Exercise prompt:
Each record that follows should be repeated exactly, minus any images.

Task material:
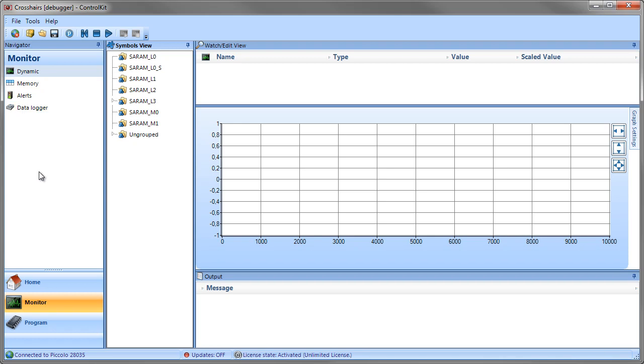In addition to that, you also have access to the Flash programming functionality by clicking the Program button towards the bottom of the screen.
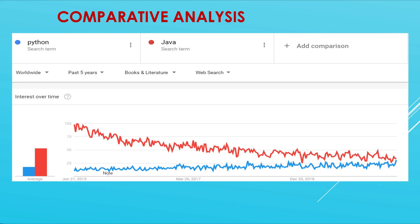Let's look at the comparative analysis between Python and Java. The red line indicates Java, and this is a worldwide five-year analysis. As you can see, the interest in Java is dipping over time, whereas interest in Python is coming up. In the very near future, we are going to see Python overtake Java. This is happening because Python is very easy to write and read, it's a very simple language to learn, and Python has a lot of applicability in many fields. So you are on the right track, and you should be happy that you've made the right decision to learn Python.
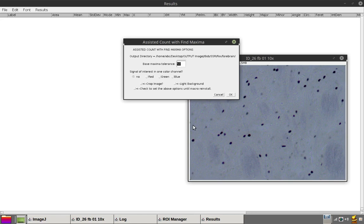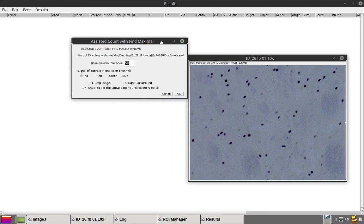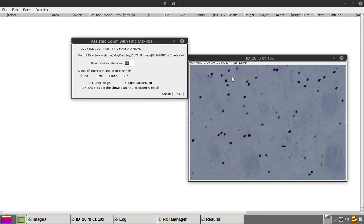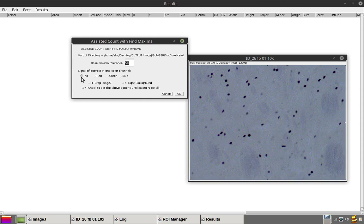The assisted point count prompt appears. Confirm that the user output folder is correct. Since this is a non-fluorescence image with no discernible color separation, let's choose No for signal of interest.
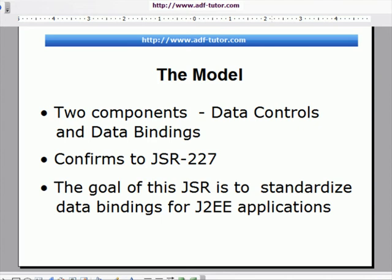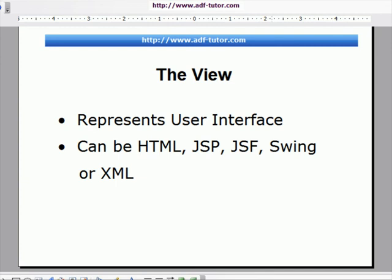The main aim of JSR 227 was to standardize data bindings for J2EE applications. For the view, we will be using ADF Faces. The view represents the user interface — what the user is seeing on the screen.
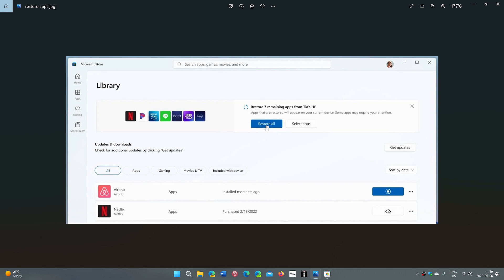which will bring all of the apps back to your PC if you reinstalled, or a new PC that you might have installed. Or you can select which apps you want to have, which is also good, because sometimes maybe a new PC or a different PC, you don't want to have the same apps.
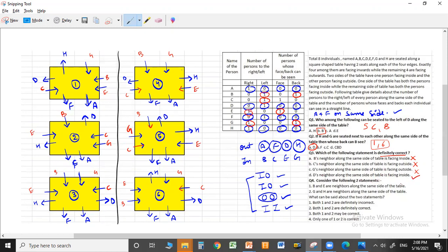Question four: Statement 1 — B and E are neighbors along the same side. Statement 2 — G and H are neighbors along the same side. What can be said about these two statements? B and E can be on the same side in some cases but not all, so statement 1 is not definite. Similarly, G and H can be adjacent as in case one, but in case four G is with B and H is with E, so statement 2 is also not definite.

Result of this task:
In addition to that, you also have access to the Flash programming functionality by clicking the Program button towards the bottom of the screen.
Let's look at the comparative analysis between Python and Java. The red line indicates Java, and this is a worldwide five-year analysis. As you can see, the interest in Java is dipping over time, whereas interest in Python is coming up. In the very near future, we are going to see Python overtake Java. This is happening because Python is very easy to write and read, it's a very simple language to learn, and Python has a lot of applicability in many fields. So you are on the right track, and you should be happy that you've made the right decision to learn Python.
The assisted point count prompt appears. Confirm that the user output folder is correct. Since this is a non-fluorescence image with no discernible color separation, let's choose No for signal of interest.
The main aim of JSR 227 was to standardize data bindings for J2EE applications. For the view, we will be using ADF Faces. The view represents the user interface — what the user is seeing on the screen.
which will bring all of the apps back to your PC if you reinstalled, or a new PC that you might have installed. Or you can select which apps you want to have, which is also good, because sometimes maybe a new PC or a different PC, you don't want to have the same apps.
Question four: Statement 1 — B and E are neighbors along the same side. Statement 2 — G and H are neighbors along the same side. What can be said about these two statements? B and E can be on the same side in some cases but not all, so statement 1 is not definite. Similarly, G and H can be adjacent as in case one, but in case four G is with B and H is with E, so statement 2 is also not definite.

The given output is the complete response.